- [ASSIGNMENT]: Where a line holds the word "round", copy it from the records.

[Short text fragments from websites]
Segment Open
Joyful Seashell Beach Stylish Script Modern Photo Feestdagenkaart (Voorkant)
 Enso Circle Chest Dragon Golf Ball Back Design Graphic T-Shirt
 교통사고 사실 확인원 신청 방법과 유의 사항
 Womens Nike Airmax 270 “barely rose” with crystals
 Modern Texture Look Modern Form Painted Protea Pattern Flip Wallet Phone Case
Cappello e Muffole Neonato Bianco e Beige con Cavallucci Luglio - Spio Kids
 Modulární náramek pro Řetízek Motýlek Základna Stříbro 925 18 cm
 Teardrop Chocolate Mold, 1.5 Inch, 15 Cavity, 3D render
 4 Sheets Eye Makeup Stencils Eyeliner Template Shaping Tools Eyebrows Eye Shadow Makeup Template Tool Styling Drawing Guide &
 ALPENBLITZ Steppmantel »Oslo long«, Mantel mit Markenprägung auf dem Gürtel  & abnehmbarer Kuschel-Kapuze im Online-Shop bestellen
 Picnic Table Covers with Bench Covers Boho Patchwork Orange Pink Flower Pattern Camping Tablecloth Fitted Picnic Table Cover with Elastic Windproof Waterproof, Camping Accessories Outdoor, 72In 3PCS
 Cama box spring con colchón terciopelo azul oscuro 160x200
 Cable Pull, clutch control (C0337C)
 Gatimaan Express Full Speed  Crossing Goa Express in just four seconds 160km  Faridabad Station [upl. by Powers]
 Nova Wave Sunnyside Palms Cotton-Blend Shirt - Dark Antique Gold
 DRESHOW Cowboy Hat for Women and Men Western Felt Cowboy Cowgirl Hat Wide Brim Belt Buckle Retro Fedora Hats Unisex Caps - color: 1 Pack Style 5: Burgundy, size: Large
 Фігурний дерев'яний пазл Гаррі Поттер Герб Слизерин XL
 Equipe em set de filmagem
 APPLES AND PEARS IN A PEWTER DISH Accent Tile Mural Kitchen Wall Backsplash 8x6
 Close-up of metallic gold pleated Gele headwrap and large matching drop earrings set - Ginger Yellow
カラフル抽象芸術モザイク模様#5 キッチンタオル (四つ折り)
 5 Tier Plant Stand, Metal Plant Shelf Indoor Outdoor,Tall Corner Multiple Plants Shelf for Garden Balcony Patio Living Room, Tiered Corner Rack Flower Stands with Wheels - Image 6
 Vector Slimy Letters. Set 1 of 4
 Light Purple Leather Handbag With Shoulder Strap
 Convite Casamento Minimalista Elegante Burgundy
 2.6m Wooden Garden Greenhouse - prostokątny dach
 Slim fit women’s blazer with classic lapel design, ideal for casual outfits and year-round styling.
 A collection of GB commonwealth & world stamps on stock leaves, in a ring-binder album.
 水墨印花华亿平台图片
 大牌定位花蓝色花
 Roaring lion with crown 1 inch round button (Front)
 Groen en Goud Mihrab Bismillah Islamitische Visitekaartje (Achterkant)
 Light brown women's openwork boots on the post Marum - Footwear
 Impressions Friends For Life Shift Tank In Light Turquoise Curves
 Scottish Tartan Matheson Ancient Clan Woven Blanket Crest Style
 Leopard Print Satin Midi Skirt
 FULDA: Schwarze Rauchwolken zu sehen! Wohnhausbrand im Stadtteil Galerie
Segment Closed
- [TASK RESULT]:
 Slim fit women’s blazer with classic lapel design, ideal for casual outfits and year-round styling.
 Roaring lion with crown 1 inch round button (Front)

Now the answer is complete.